Listed records >>
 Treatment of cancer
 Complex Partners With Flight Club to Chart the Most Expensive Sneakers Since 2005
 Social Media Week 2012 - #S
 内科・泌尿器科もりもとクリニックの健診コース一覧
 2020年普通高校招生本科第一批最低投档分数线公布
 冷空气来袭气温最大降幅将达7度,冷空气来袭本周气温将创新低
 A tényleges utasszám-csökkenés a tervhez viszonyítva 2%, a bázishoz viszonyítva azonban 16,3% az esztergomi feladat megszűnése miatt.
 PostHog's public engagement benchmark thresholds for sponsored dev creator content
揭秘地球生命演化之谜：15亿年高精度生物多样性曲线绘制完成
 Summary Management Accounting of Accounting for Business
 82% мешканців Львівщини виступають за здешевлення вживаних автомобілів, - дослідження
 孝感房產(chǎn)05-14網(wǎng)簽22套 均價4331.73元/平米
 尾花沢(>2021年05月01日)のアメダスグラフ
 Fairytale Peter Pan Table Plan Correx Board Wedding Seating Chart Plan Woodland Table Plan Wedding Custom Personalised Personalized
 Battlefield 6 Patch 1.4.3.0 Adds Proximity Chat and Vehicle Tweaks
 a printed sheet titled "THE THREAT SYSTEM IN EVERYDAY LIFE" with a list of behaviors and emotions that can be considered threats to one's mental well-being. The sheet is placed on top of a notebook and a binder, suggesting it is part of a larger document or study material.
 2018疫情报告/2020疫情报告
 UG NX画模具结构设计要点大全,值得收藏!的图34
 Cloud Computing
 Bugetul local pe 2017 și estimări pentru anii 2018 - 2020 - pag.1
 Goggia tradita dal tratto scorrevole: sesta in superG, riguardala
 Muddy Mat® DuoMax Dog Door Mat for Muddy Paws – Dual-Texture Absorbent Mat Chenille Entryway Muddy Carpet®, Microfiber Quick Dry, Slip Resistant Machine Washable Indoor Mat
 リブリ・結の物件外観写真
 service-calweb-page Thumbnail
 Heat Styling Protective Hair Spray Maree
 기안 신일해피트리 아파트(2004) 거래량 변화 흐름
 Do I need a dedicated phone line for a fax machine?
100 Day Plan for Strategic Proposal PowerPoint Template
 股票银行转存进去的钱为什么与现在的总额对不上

What the task asks >> From the material above, set down exactly the lines starting at the one with "2020年普通高校招生本科第一批最低投档分数线公布" and ending at the one with "Do I need a", end lines included.

Reply >>
 2020年普通高校招生本科第一批最低投档分数线公布
 冷空气来袭气温最大降幅将达7度,冷空气来袭本周气温将创新低
 A tényleges utasszám-csökkenés a tervhez viszonyítva 2%, a bázishoz viszonyítva azonban 16,3% az esztergomi feladat megszűnése miatt.
 PostHog's public engagement benchmark thresholds for sponsored dev creator content
揭秘地球生命演化之谜：15亿年高精度生物多样性曲线绘制完成
 Summary Management Accounting of Accounting for Business
 82% мешканців Львівщини виступають за здешевлення вживаних автомобілів, - дослідження
 孝感房產(chǎn)05-14網(wǎng)簽22套 均價4331.73元/平米
 尾花沢(>2021年05月01日)のアメダスグラフ
 Fairytale Peter Pan Table Plan Correx Board Wedding Seating Chart Plan Woodland Table Plan Wedding Custom Personalised Personalized
 Battlefield 6 Patch 1.4.3.0 Adds Proximity Chat and Vehicle Tweaks
 a printed sheet titled "THE THREAT SYSTEM IN EVERYDAY LIFE" with a list of behaviors and emotions that can be considered threats to one's mental well-being. The sheet is placed on top of a notebook and a binder, suggesting it is part of a larger document or study material.
 2018疫情报告/2020疫情报告
 UG NX画模具结构设计要点大全,值得收藏!的图34
 Cloud Computing
 Bugetul local pe 2017 și estimări pentru anii 2018 - 2020 - pag.1
 Goggia tradita dal tratto scorrevole: sesta in superG, riguardala
 Muddy Mat® DuoMax Dog Door Mat for Muddy Paws – Dual-Texture Absorbent Mat Chenille Entryway Muddy Carpet®, Microfiber Quick Dry, Slip Resistant Machine Washable Indoor Mat
 リブリ・結の物件外観写真
 service-calweb-page Thumbnail
 Heat Styling Protective Hair Spray Maree
 기안 신일해피트리 아파트(2004) 거래량 변화 흐름
 Do I need a dedicated phone line for a fax machine?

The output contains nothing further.